The LZ78 algorithm
Terms used in the algorithm
- Charstream: a sequence of data to be encoded;
- Character: the basic data element in the charstream;
- Prefix: a sequence of characters that precede one character;
- String: the prefix together with the character it precedes;
- Code word: a basic data element in the codestream. It represents a string from the dictionary;
- Codestream: the sequence of code words and characters (the output of the encoding algorithm);
- Dictionary: a table of strings. Every string is assigned a code word according to its index number in the dictionary;
- Current prefix: the prefix currently being processed in the encoding algorithm. Symbol: P;
- Current character: a character determined in the endocing algorithm. Generally this is the character preceded by the current prefix. Symbol: C.
- Current code word: the code word currently processed in the decoding algorithm. It is signified by W, and the string which it denotes by string.W.
At the beginning of encoding the dictionary is empty. In order to explain the principle of encoding, let's consider a point within the encoding process, when the dictionary already contains some strings.
We start analyzing a new prefix in the charstream, beginning with an empty prefix. If its corresponding string (prefix + the character after it -- P+C) is present in the dictionary, the prefix is extended with the character C. This extending is repeated until we get a string which is not present in the dictionary. At that point we output two things to the codestream: the code word that represents the prefix P, and then the character C. Then we add the whole string (P+C) to the dictionary and start processing the next prefix in the charstream.
A special case occurs if the dictionary doesn't contain even the starting one-character string (for example, this always happens in the first encoding step). In that case we output a special code word that represents an empty string, followed by this character and add this character to the dictionary.
The output from this algorithm is a sequence of code word-character pairs (W,C). Each time a pair is output to the codestream, the string from the dictionary corresponding to W is extended with the character C and the resulting string is added to the dictionary. This means that when a new string is being added, the dictionary already contains all the substrings formed by removing characters from the end of the new string.
The encoding algorithm
- At the start, the dictionary and P are empty;
- C := next character in the charstream;
- Is the string P+C present in the dictionary?
- if it is, P := P+C (extend P with C);
- if not,
- output these two objects to the codestream:
- the code word corresponding to P (if P is empty, output a zero);
- C, in the same form as input from the charstream;
- add the string P+C to the dictionary;
- P := empty;
- are there more characters in the charstream?
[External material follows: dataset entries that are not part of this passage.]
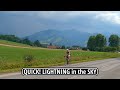 LOW TATRAS, SLOVAKIA, CYCLING, RAIN | Vanlife Europe Vlog 29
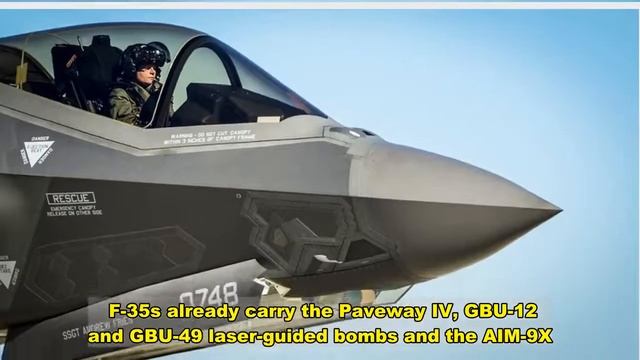 Air Force accelerates F-35 as war-attack 'sensor node' смотреть онлайн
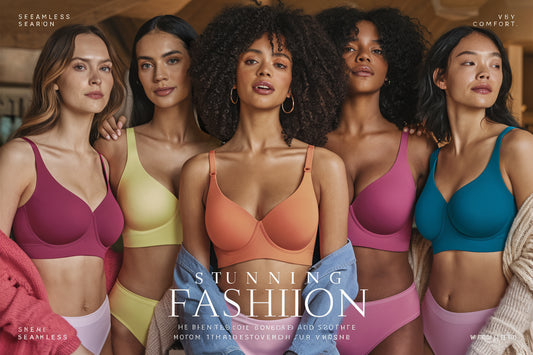 Feel Good, Look Great: The Seamless Wireless Push-Up Bra in 2024 summer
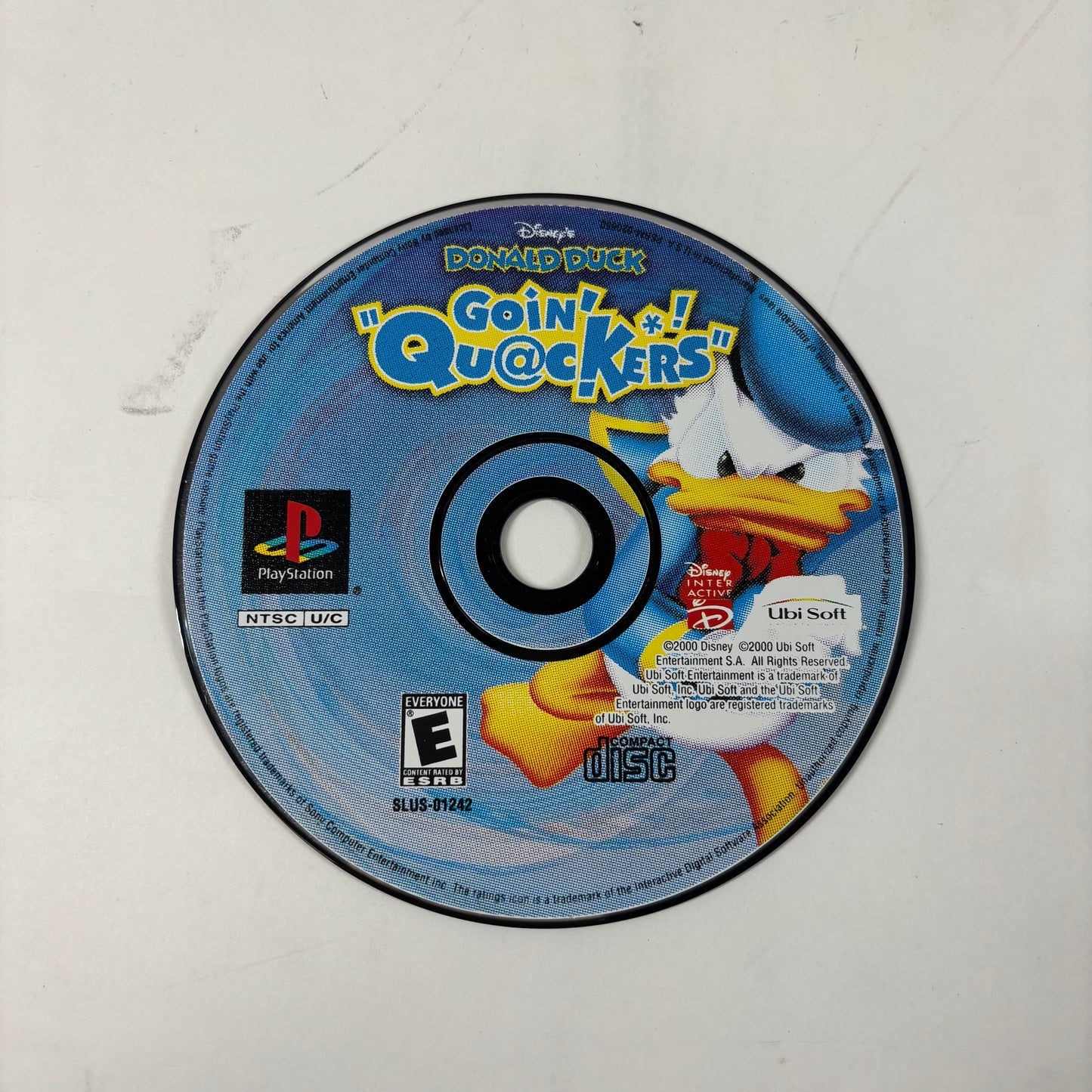 Donald Duck Goin' Quackers (PlayStation 1 PS1, 2000)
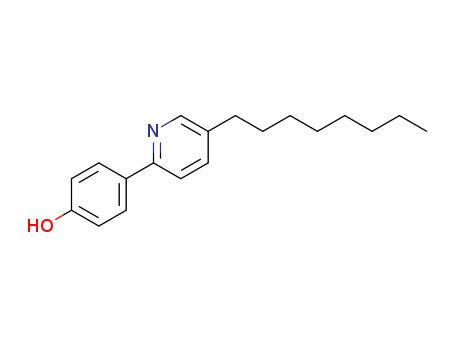 4-(5-heptyl-2-pyridinyl)Phenol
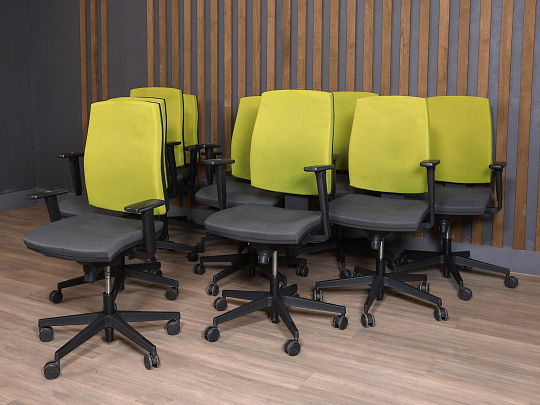 Офисное кресло Ткань Зелёный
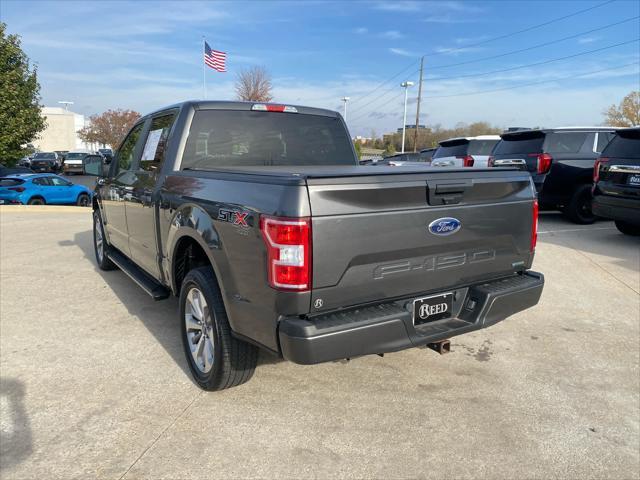 used 2018 Ford F-150 car, priced at $25,888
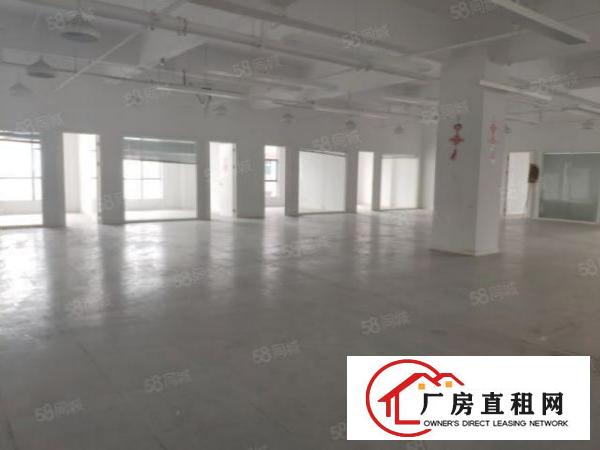  厚街新空出楼上2250平豪华装修厂房出租仓库出租，大小可分租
- if yes, return to step 2;
- if not:
- if P is not empty, output the code word corresponding to P;
At the start of decoding the dictionary is empty. It gets reconstructed in the process of decoding. In each step a pair code word-character -- (W,C) is read from the codestream. The code word always refers to a string already present in the dictionary. The string.W and C are output to the charstream and the string (string.W+C) is added to the dictionary. After the decoding, the dictionary will look exactly the same as after the encoding.
The decoding algorithm
- At the start the dictionary is empty;
- W := next code word in the codestream;
- C := the character following it;
- output the string.W to the codestream (this can be an empty string), and then output C;
- add the string.W+C to the dictionary;
- are there more code words in the codestream?
- if yes, go back to step 2;
- if not, END.
The encoding process is presented in Table 1.
Charstream to be encoded:
- The column Step indicates the number of the encoding step. Each encoding step is completed when the step 3.b. in the encoding algorithm is executed.
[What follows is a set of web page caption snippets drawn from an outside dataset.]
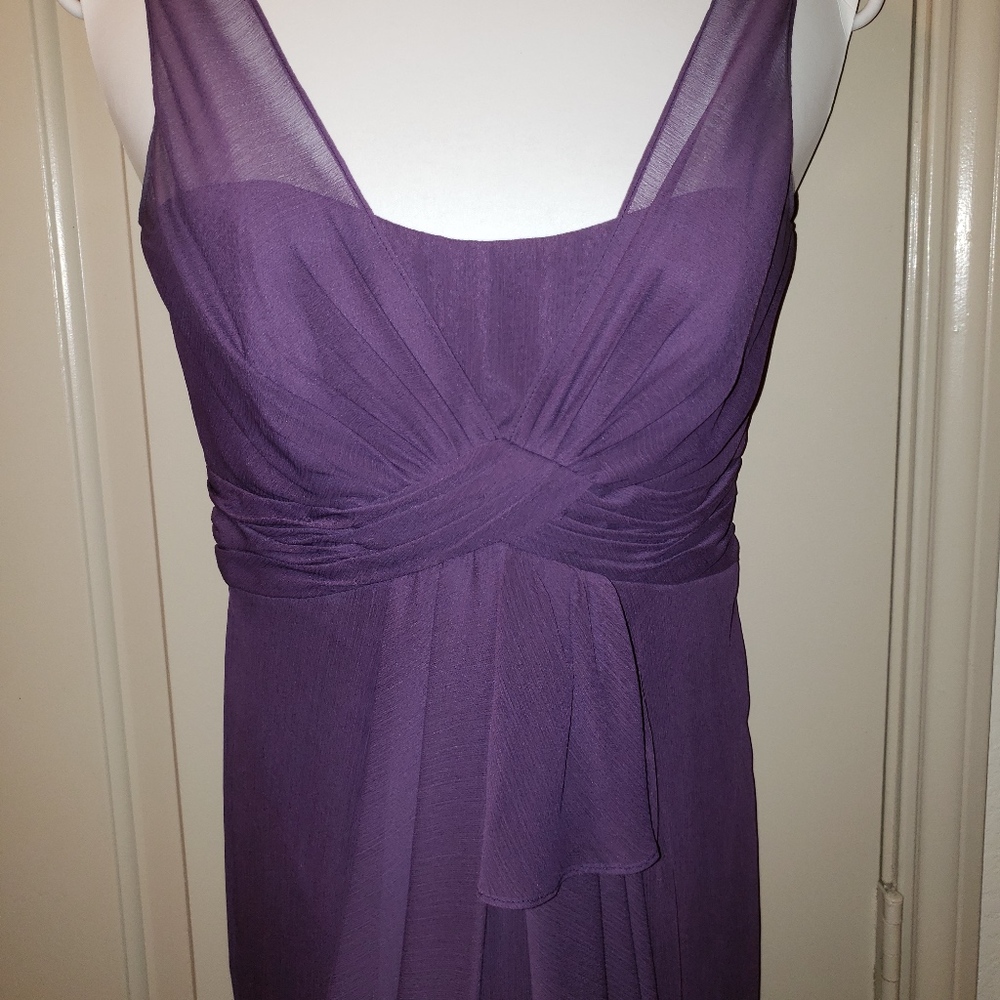 Amethyst Vera Wang Formal Bridesmaid Dress
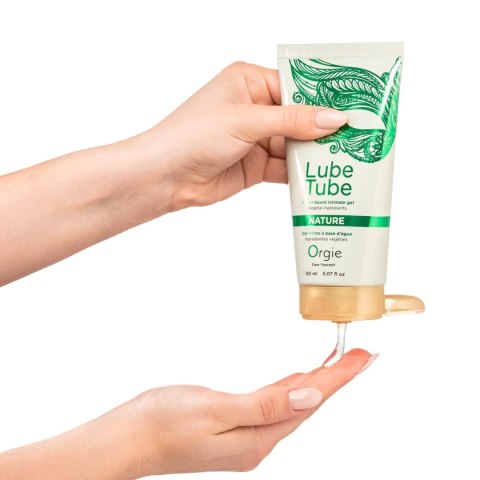 Lubrykant wodny LUBE TUBE NATURE 150ml ORGIE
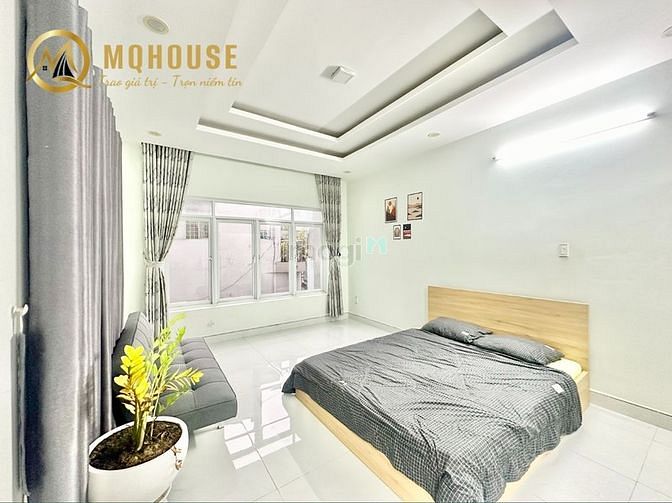 Hình ảnh Căn Hộ Studio New - 45 m2 - Full Nội  Thất - Cư Xá Đô Thành Quận 3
- The column Pos indicates the current position in the input data.
- The column Dictionary shows what string has been added to the dictionary. The index of the string is equal to the step number.
- The column Output presents the output in the form (W,C).
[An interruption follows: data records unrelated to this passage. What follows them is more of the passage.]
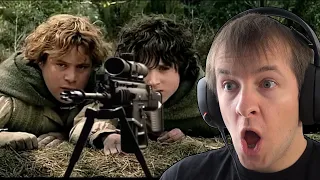 Marcel Reacts to Frodo the Sniper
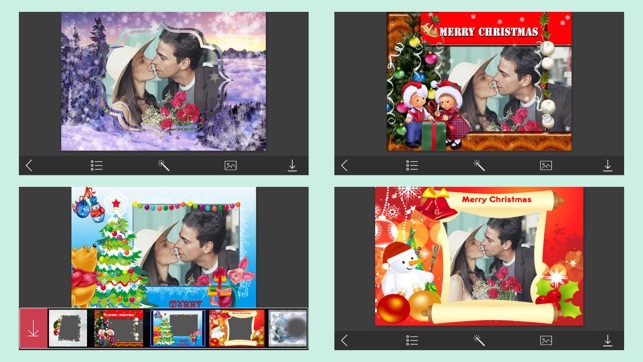Christmas 2017 Hd Photo Frames - PicShop(圖3)-速報App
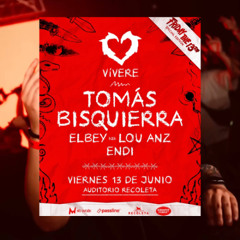 Tomas Bisquierra @ Live at No Work｜Buenos Aires, Argentina (13.06.25)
- The output of each step decodes to the string that has been added to the dictionary.
Table 1: The encoding process
|Step||Pos ||Dictionary||Output |
|4.||5||B C A||(3,A)|
The biggest advantage over the LZ77 algorithm is the reduced number of string comparisons in each encoding step. The compression ratio is similar to the LZ77. Since the derived method, LZW, is much more popular, you should see there for further info.